Enfim, com o calor e abastança desta Califórnia? Ou com a licenciosidade ou com a crueza das ruas de São Francisco, cinzentas e frias no mês de Agosto, com as paragens de autocarro da Baixa ocupadas por veteranos de guerra, crianças perdidas ou um rol significativo de pessoas sem-abrigo? Nada, aparentemente nada. Mas, mesmo assim, o mundo está mais pequeno. E mais semelhante, quiçá. Há várias formas de classificar o que é o “umbigo do mundo”, como diziam os incas, ou de entender e apreciar o que é um oásis. Não é um dislate aplicar o substantivo masculino a Buenos ou a Cusco, a São Francisco ou ao Havai. A cada leitor a sua escolha.
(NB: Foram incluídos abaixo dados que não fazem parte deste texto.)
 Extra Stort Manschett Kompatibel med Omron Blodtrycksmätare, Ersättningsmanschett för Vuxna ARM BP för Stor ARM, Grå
Repare-se, ademais, na influência do turismo asiático, já não apenas o japonês, mas sobretudo o de origem chinesa, em todo o Pacífico. Se os japoneses, a despeito de Pearl Harbour, escolhem o Havai para casar e cenário de intermináveis sessões de fotografia, os chineses escolhem qualquer lugar que possua a concentração destas três variáveis: um hotel XL com largas centenas de quartos, um centro comercial labiríntico com todas as marcas europeias de notoriedade planetária (automóveis, roupa, relógios, carteiras, por aí fora) e um casino aberto 24 horas por dia, de preferência. Tudo intercomunicável, note-se. Se sabem o que é o pachinko sabem do que é que os nipónicos são capazes de fazer quando têm uma máquina de jogo pela frente.